== Instructions for the task ==
The expected output is the exact lines from the one containing "Villa Drome Jacuzzi" through the end of the data, inclusive, and nothing else.

=======

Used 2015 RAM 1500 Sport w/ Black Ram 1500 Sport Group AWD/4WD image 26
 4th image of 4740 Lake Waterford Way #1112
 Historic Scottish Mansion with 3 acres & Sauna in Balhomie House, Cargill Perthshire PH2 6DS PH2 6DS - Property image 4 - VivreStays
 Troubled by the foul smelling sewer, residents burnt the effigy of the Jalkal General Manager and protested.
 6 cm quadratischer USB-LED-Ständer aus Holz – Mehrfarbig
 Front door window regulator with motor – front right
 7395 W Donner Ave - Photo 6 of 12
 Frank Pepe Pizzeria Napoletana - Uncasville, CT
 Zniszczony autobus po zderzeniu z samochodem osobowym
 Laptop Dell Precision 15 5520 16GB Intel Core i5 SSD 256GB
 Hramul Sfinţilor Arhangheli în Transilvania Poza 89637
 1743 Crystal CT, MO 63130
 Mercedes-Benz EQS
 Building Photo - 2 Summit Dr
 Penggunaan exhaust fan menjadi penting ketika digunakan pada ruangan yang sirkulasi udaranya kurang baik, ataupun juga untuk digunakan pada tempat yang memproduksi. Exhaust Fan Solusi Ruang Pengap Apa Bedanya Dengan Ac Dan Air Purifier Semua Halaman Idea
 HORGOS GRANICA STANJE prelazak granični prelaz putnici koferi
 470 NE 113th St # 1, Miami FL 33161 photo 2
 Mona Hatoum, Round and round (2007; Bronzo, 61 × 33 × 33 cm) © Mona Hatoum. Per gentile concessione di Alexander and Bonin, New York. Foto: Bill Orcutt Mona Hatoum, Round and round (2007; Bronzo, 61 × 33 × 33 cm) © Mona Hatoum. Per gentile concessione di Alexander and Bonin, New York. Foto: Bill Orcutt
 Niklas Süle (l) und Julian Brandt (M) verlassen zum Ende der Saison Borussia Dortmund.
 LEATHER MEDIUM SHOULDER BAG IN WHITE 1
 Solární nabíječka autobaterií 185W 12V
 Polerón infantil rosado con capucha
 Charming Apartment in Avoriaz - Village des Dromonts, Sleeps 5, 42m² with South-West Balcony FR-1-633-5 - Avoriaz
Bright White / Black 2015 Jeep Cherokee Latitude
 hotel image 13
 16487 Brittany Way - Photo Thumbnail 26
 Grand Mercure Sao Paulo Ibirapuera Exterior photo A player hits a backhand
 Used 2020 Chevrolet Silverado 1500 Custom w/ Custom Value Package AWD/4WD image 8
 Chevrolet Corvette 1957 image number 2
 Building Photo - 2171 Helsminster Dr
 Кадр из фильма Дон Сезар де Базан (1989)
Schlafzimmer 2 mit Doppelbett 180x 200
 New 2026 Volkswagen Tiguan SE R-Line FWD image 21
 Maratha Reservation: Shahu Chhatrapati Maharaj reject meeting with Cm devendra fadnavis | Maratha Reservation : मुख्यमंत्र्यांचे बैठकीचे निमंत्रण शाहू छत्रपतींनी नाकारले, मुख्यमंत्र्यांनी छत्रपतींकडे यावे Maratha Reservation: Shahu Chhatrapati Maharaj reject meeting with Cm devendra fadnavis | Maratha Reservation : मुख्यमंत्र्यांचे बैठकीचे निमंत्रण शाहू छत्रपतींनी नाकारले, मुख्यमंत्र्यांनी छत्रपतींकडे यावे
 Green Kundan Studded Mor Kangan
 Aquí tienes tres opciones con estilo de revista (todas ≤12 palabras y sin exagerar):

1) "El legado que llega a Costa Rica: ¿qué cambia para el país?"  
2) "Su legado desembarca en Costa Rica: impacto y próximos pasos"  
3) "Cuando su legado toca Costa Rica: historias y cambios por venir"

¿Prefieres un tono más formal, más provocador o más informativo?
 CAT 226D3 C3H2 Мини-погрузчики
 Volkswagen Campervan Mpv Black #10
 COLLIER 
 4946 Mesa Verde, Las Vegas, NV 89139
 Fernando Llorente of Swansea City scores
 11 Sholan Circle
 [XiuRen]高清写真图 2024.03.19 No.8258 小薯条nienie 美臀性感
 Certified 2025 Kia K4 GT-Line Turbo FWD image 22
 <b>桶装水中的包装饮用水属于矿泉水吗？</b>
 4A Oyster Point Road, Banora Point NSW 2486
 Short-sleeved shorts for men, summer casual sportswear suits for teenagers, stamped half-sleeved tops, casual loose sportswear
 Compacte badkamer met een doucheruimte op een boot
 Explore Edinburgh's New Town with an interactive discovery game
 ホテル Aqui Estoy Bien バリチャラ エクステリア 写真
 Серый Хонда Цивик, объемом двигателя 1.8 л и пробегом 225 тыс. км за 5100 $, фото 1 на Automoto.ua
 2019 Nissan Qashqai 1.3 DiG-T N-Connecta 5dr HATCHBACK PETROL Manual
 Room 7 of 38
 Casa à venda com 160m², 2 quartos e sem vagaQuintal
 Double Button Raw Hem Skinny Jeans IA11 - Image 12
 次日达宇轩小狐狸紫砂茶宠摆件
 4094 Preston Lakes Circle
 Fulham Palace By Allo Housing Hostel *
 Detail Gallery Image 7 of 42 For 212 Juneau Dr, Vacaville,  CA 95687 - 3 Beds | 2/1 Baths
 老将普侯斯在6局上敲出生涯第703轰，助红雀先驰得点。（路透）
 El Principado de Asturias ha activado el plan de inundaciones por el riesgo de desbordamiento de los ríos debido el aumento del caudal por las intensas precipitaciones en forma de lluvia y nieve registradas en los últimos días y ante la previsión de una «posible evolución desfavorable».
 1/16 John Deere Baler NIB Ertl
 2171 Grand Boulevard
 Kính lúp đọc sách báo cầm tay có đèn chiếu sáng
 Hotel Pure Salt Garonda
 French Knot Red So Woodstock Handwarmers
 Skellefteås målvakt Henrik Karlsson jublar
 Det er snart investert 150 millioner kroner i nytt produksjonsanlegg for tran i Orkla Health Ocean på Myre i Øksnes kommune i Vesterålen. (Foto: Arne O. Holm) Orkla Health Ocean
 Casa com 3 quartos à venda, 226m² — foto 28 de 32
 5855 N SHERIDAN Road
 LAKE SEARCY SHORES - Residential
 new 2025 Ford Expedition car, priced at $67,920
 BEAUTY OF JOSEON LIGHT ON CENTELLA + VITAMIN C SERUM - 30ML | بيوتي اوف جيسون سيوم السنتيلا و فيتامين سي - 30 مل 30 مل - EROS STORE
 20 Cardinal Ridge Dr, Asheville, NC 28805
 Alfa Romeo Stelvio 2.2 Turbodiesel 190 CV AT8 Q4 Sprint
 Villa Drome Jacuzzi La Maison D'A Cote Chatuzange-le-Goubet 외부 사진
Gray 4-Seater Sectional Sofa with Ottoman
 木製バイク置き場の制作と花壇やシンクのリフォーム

=======

== Response to the task ==
 Villa Drome Jacuzzi La Maison D'A Cote Chatuzange-le-Goubet 외부 사진
Gray 4-Seater Sectional Sofa with Ottoman
 木製バイク置き場の制作と花壇やシンクのリフォーム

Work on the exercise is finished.